Quantification of actin2/8 and SLAC1/OST1/ABI1-transcripts was performed by real-time PCR as described elsewhere (62). Transcripts were each normalized to 10,000 molecules of actin 2/8. Primers are listed in SI Methods.

Oocyte Recordings.

The cDNA of SLAC1, OST1, SnRK2.2, 2.3, 2.8, ABI1, ABI2, HAB1, and HAB2 were cloned into oocyte (BIFC-) expression vectors by an advanced uracil-excision-based cloning technique described by Nour-Eldin et al. (63). Oocyte preparation and cRNA generation and injection have been described elsewhere (64). In TEVC experiments after 2 or 3 days of expression oocytes were perfused with Kulori-based solutions. For detailed information regarding solutions, pulse protocols and data analysis see SI Methods.

BIFC Experiments.

The cDNA of SLAC1, OST1, and ABI1 were cloned into plant binary vectors (based on pCAMBIA vectors) as described by Nour-Eldin et al. (2006) (63). Transient protoplast expression was performed using the polyethylene glycol transformation method modified after (65). Sixteen to 24 h after transformation, protoplast images were taken with a confocal laser scanning microscope (LSM 5 Pascal Carl Zeiss Jena GmbH). For further information see SI Methods.

Patch Clamp Experiments on Guard Cell Protoplasts.

Arabidopsis thaliana ecotype Columbia (Col-0), ost1–2 and slac1–3 mutants were grown on soil in a growth chamber at a 8/16 h day/night regime and 22/16 °C day/night temperature.

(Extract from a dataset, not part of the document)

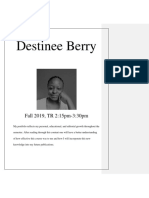 Portfolio Editing Dberry Final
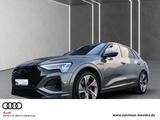 Audi Q8 e-tron 50 qu. S line *PANO*MATRIX*B&O*360°* - Audi Q8 e-tron mit Schiebedach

Enriched protoplasts were stored on ice until aliquots were used for whole-cell patch clamp recordings of S-type anion currents which were performed essentially as described by (66, 67). For details of protoplast generation and patch clamp conditions see SI Methods.

Protein purification and in Vitro Kinase Assays.

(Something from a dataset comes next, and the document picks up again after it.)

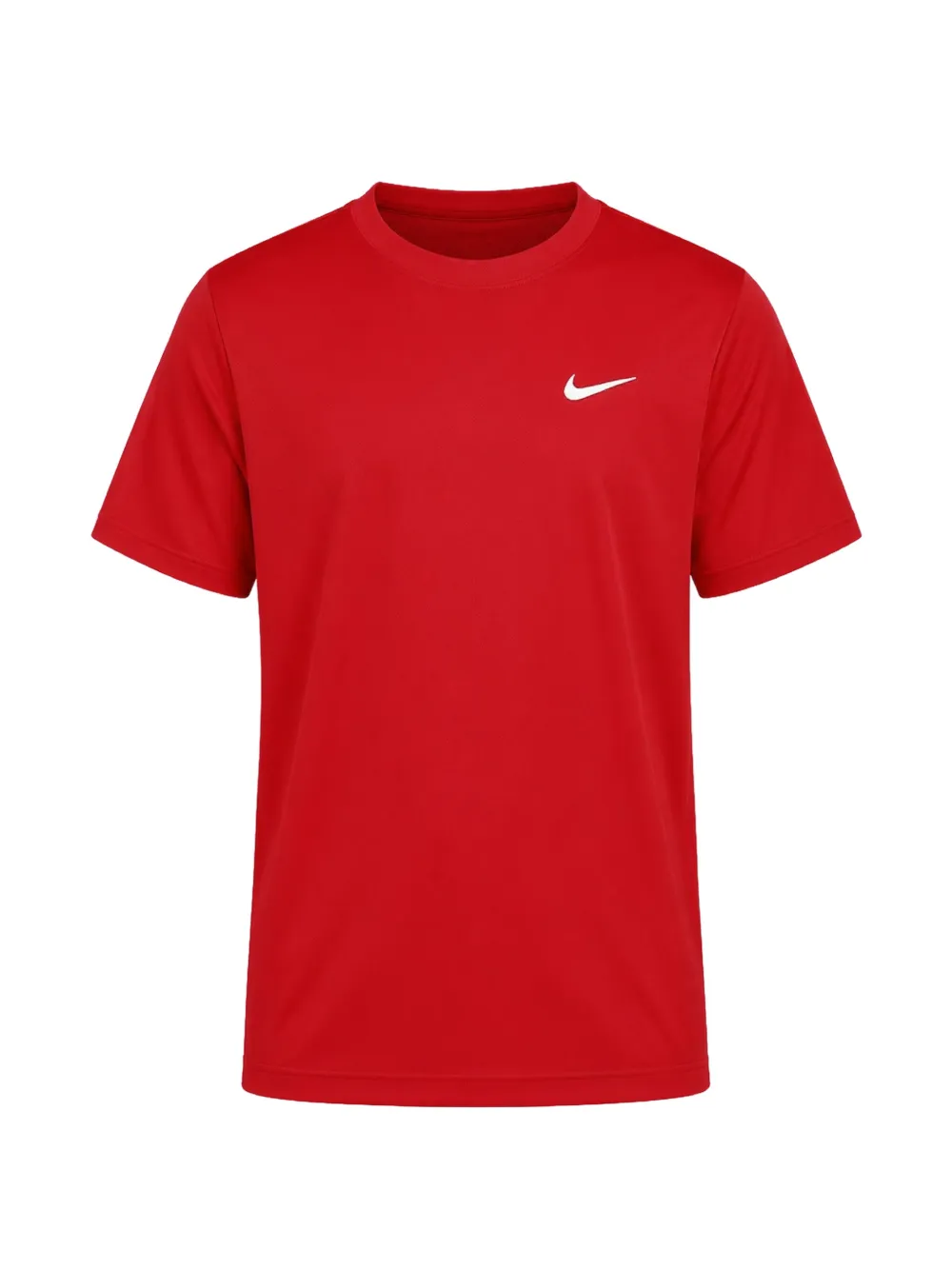 Nike Kids Dri-Fit T-shirt Rood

OST1, ABI1, SLAC1 NT and CT were subcloned into the recombinant expression vector pGEX 6P1 (GE Healthcare) and transformed into Escherichia coli (DE3) pLysS strain (Novagen). GST-tagged recombinant proteins were purified as described by Belin et al. (68). In vitro kinase buffer was composed of 20 mM Hepes, pH 7.5, 0.5% (vol/vol) Triton X-100, 2 mM MnCl₂, protease inhibitor mixture (Roche), 10 mM NaF, 5 mM β-glycerophosphate, and 5 mCi [ϒ-³²P] ATP (3,000 Ci/mmol) (cf. ref. 68). Reactions were carried out for 15 min at RT and then stopped by adding 6 × SDS loading buffer and heating to 90 °C for 5 min. Proteins were separated by SDS-Gel electrophoresis using a 8 to 16% gradient acrylamide gel (Precise^TM protein gel, Thermo Scientific) and detected by coomassie blue stain and autoradiography.

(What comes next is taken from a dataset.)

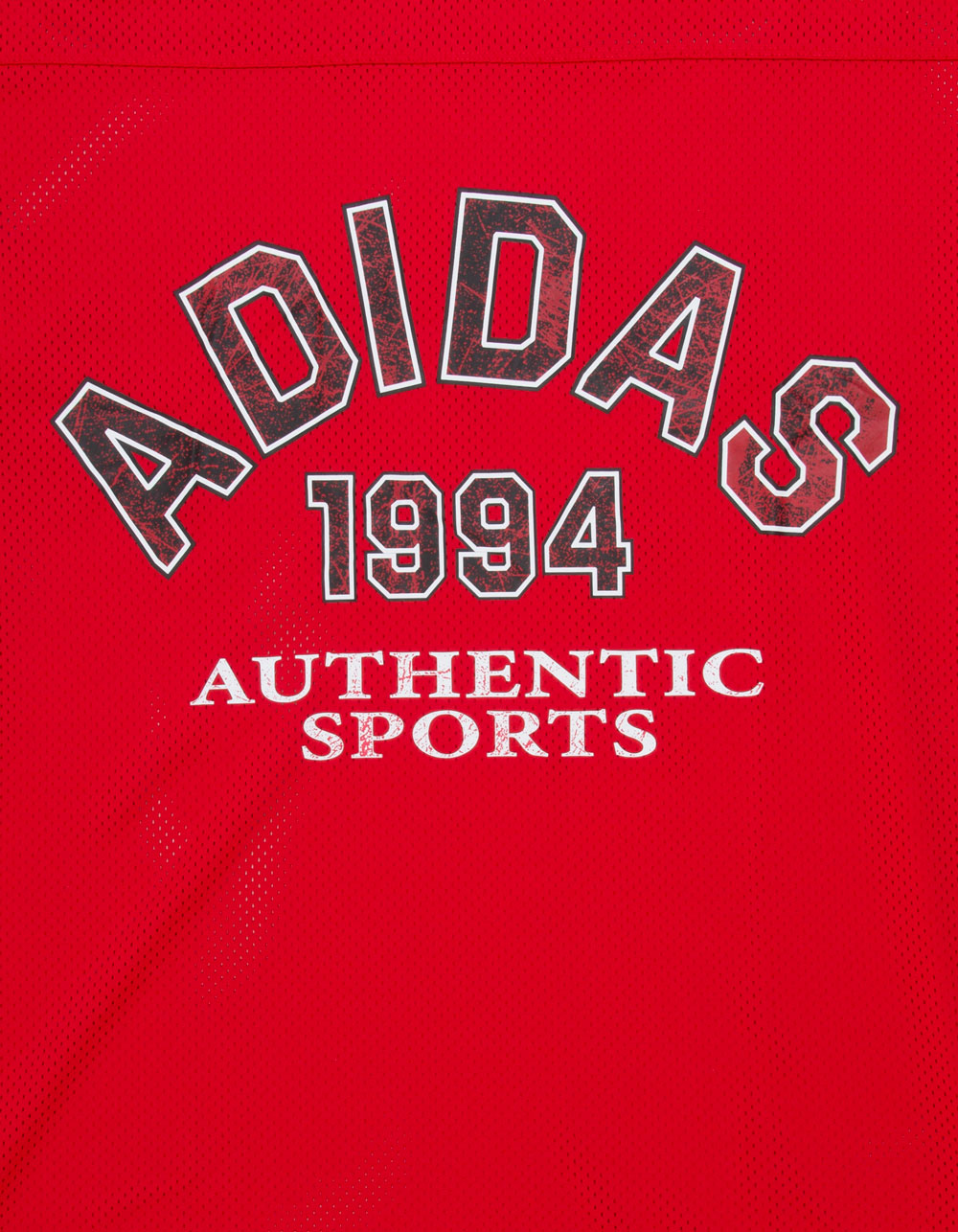 ADIDAS Originals Mens Football Jersey - RED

CelluSpots peptide arrays were ordered from Intavis (Bioanalytical Instruments); 20 aa long peptides with 10 aa overlap at each end of SLAC1 N and C terminus were coupled to microscope slides by acetylation. To prevent nonspecific binding, the arrays were blocked by immersing the slides in 1 mg/ml BSA solution for 2 h at RT. The phosphorylation reaction was carried out for 2 h at RT by the use of 2 μg kinase, 5 mCi [ϒ-³²P] ATP (3,000 Ci/mmol) and in vitro kinase buffer described above. Subsequently slides were washed and phosphorylation was detected by autoradiography.